> **Assignment**
After locating the line with "Bear Grylls explains" below, output it and each following line exactly, stopping after the line with "QUÊ NGHÈO Nhạc Phạm Duy Ca sĩ Thái Thanh". No pictures.

── Provided data

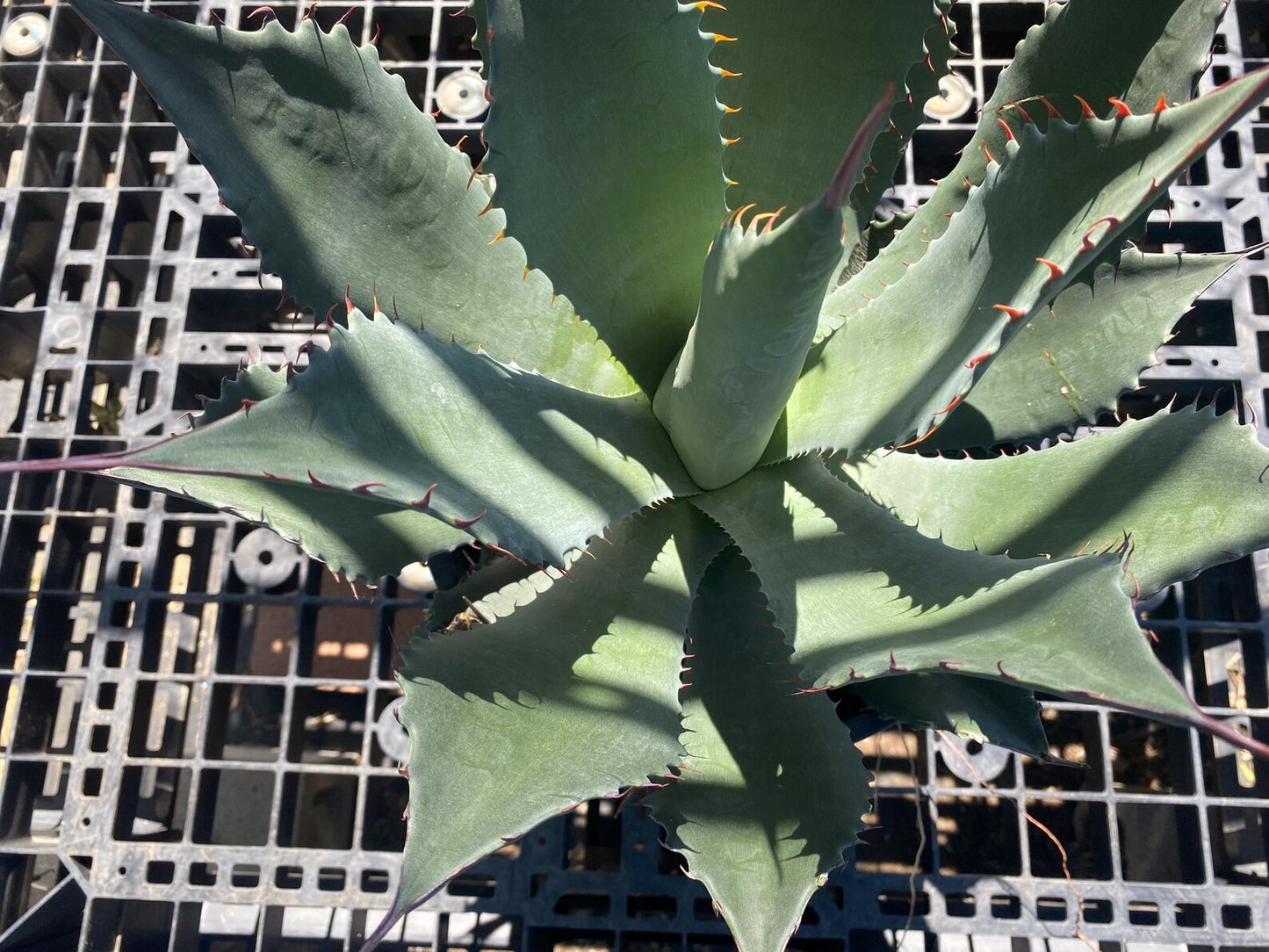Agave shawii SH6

────
── Provided data

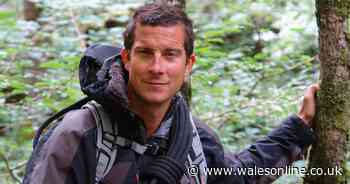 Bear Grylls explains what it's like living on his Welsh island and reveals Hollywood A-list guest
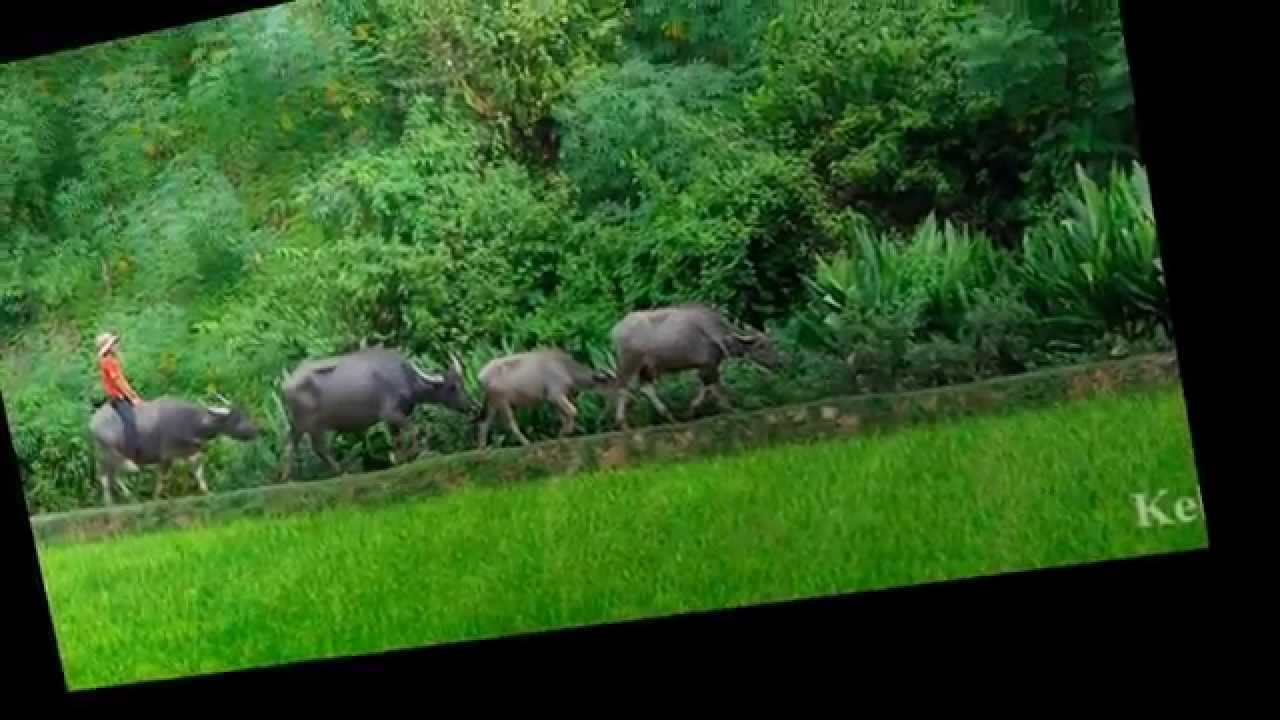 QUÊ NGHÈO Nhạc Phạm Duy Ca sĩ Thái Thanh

────

> **Completed task**
 Bear Grylls explains what it's like living on his Welsh island and reveals Hollywood A-list guest
 QUÊ NGHÈO Nhạc Phạm Duy Ca sĩ Thái Thanh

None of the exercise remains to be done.